Crawled caption data:
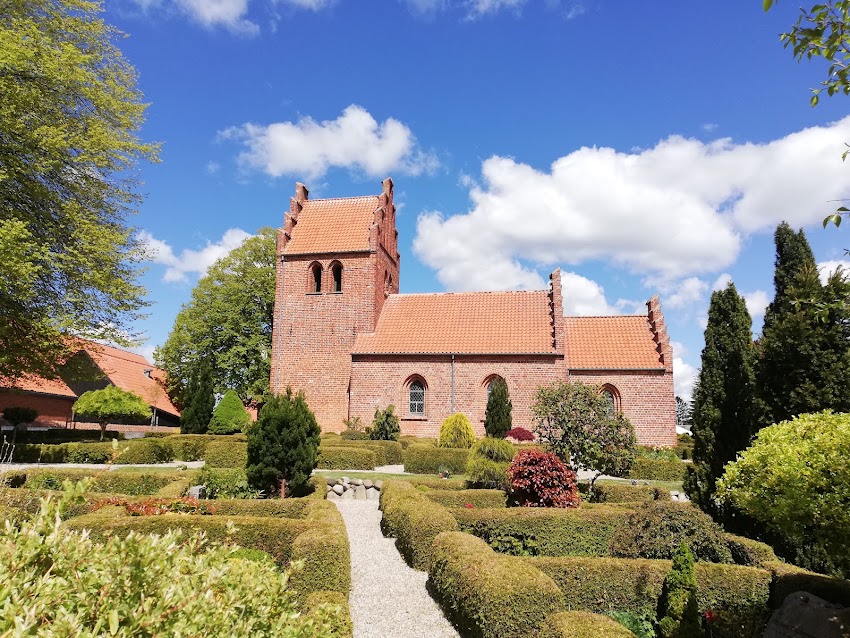 Ganløse Kirke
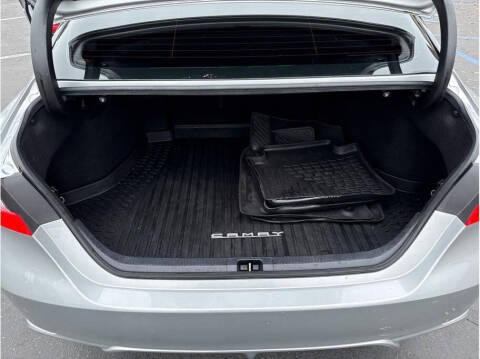 2021 Toyota Camry XSE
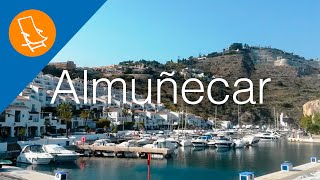 Almunecar  A coastal village on the Costa Tropical [upl. by Gignac73]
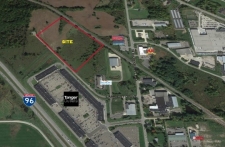 Listing Image #1 - Land for sale at Lambert Drive, Howell MI 48855
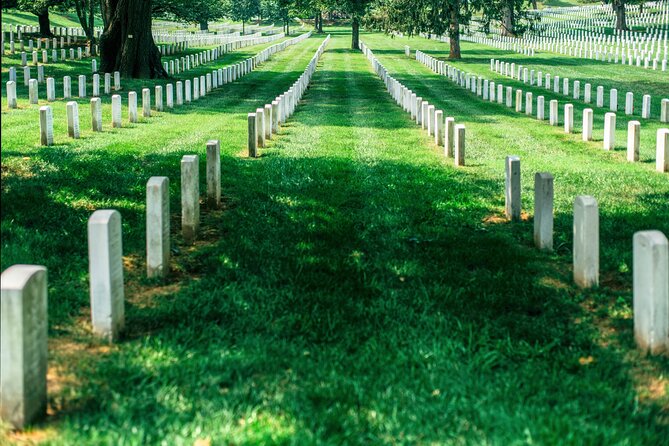 Guided Tour of Arlington Cemetery With Changing of the Guards - Tips for a Successful Tour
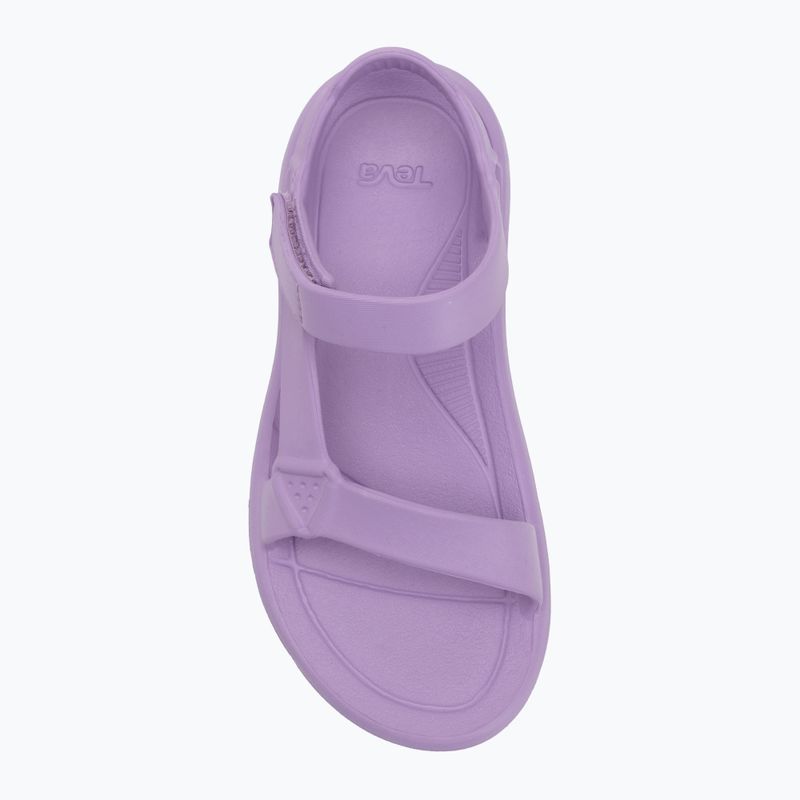 Сандалі жіночі Teva Hurricane Drift lupine 5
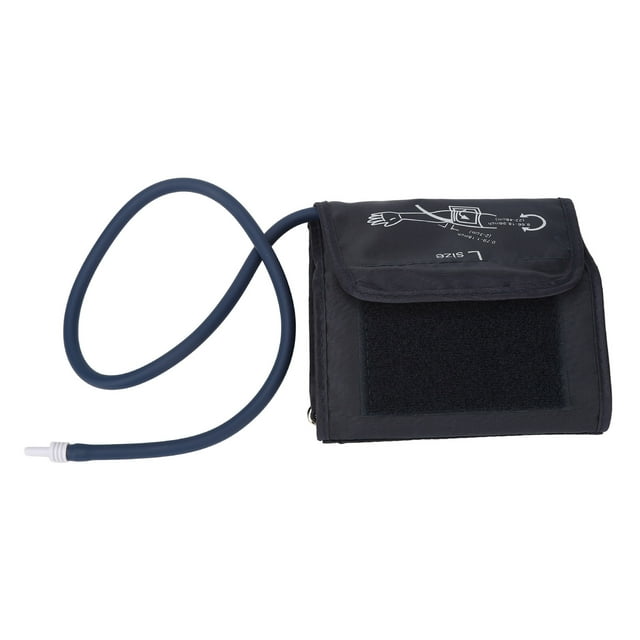 Blood Pressure Cuff, Blood Pressure Replacement Cuff Lengthened Soft Material for Blood Pressure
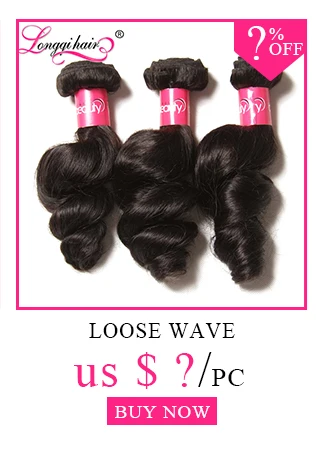 Longqi hair 3 пряди малазийские волнистые волосы Волосы remy пряди человеческих волос для Инструменты для завивки волос 8 10, 12, 14, 16, 18, 20, 22, 24, 26 28 30 дюйм(ов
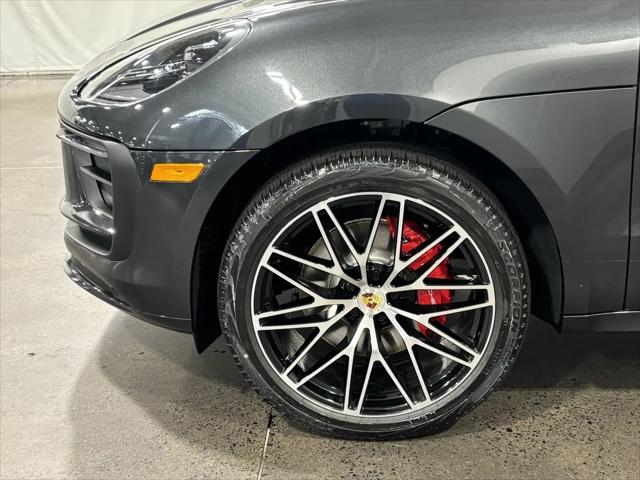 2026 Porsche Macan S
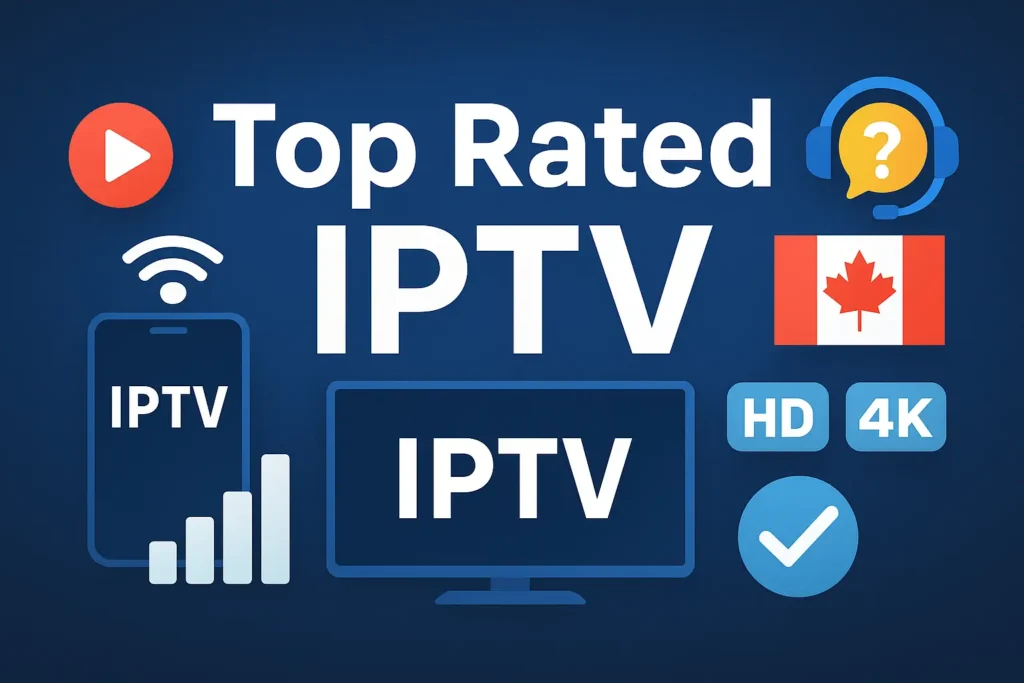 Top Rated IPTV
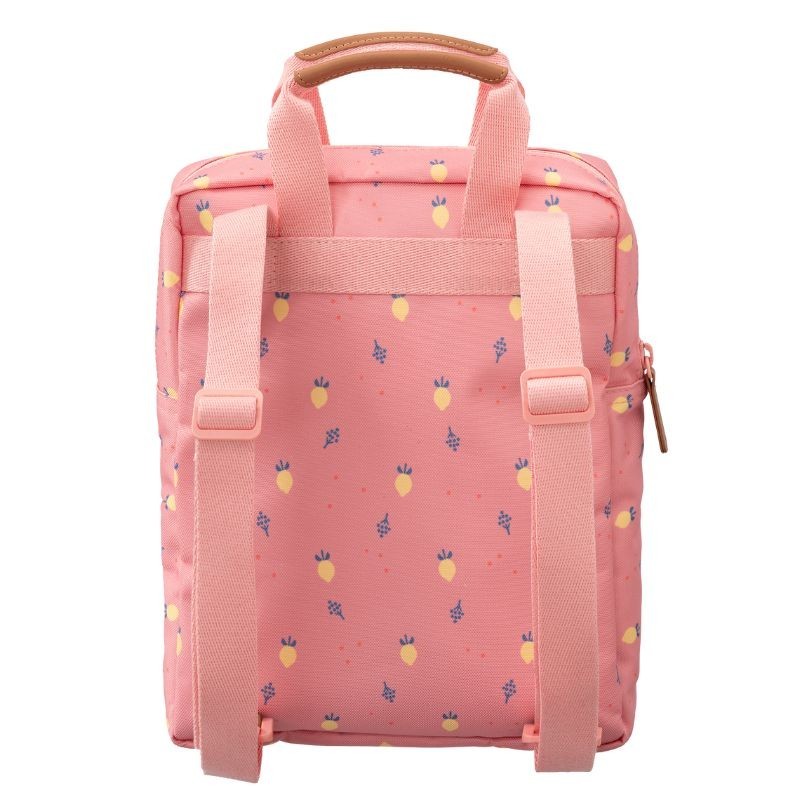 Kinderrucksack Früchte bunt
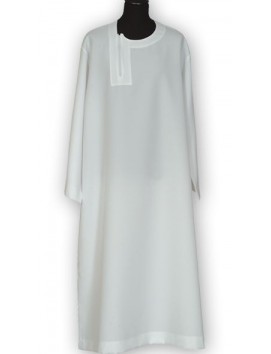 Alb de preot franciscan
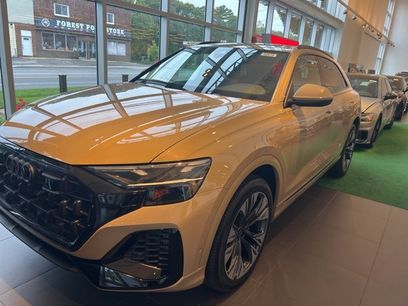 New 2025 Audi Q8 Premium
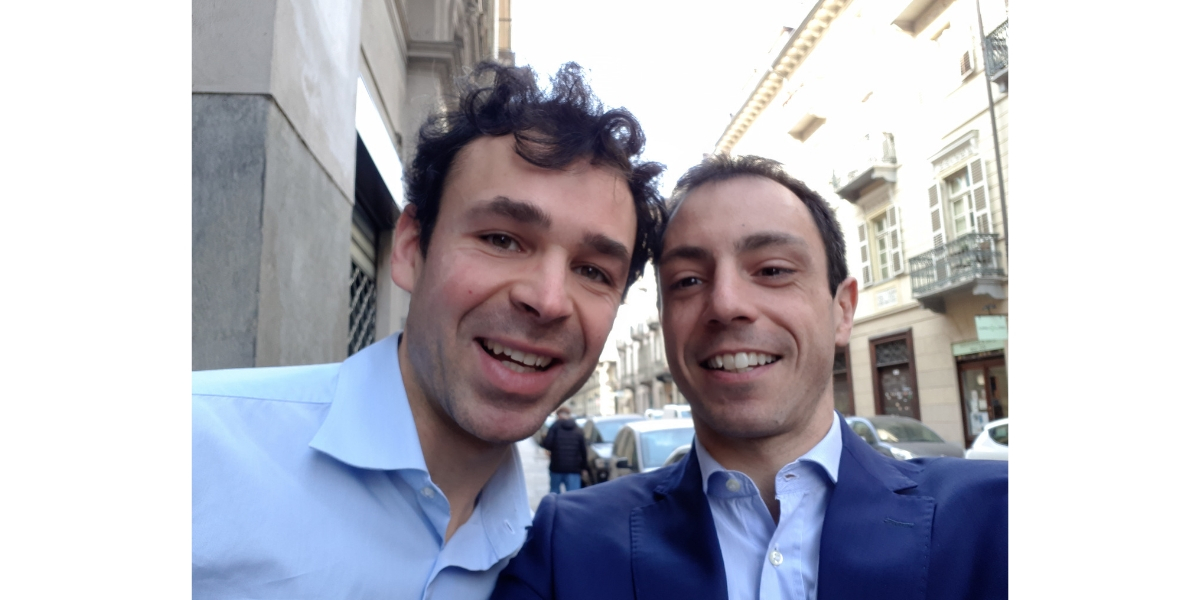 Una corsa da bambini-Marco Renzo Vitale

▶ [Exercise]:
Copy the final stretch of the entries exactly: the line containing "Blood Pressure Cuff, Blood" and every line after it through the last. Include no pictures and nothing more.

▶ [Task output]:
 Blood Pressure Cuff, Blood Pressure Replacement Cuff Lengthened Soft Material for Blood Pressure
 Longqi hair 3 пряди малазийские волнистые волосы Волосы remy пряди человеческих волос для Инструменты для завивки волос 8 10, 12, 14, 16, 18, 20, 22, 24, 26 28 30 дюйм(ов
 2026 Porsche Macan S
 Top Rated IPTV
 Kinderrucksack Früchte bunt
 Alb de preot franciscan
 New 2025 Audi Q8 Premium
 Una corsa da bambini-Marco Renzo Vitale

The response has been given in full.